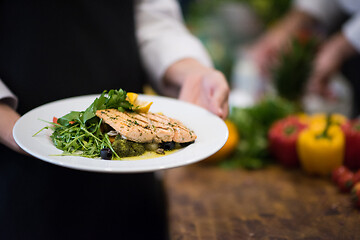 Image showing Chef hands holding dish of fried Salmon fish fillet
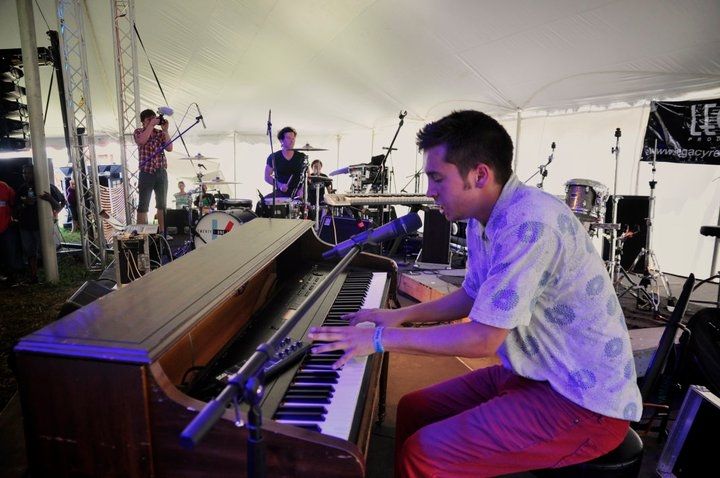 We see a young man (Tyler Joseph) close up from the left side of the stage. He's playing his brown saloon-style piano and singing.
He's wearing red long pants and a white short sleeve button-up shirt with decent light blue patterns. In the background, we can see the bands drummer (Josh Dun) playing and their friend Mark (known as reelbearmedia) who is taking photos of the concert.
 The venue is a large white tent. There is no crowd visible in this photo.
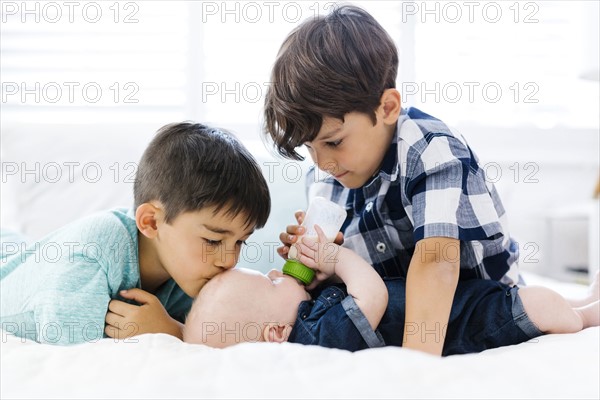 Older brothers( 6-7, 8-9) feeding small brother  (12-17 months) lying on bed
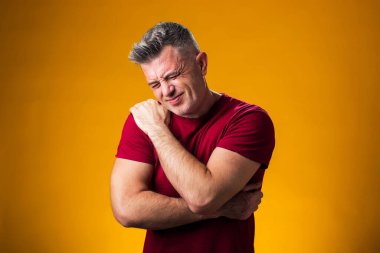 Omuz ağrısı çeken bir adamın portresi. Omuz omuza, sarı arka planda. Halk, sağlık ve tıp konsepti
####
◆ THE PROBLEM: Transcribe the lines that run from the line bearing "Older brothers( 6-7, 8-9)" through the last line of the data. Keep the wording exact and leave out every picture.

◆ ANSWER SECTION:
 Older brothers( 6-7, 8-9) feeding small brother  (12-17 months) lying on bed
 Omuz ağrısı çeken bir adamın portresi. Omuz omuza, sarı arka planda. Halk, sağlık ve tıp konsepti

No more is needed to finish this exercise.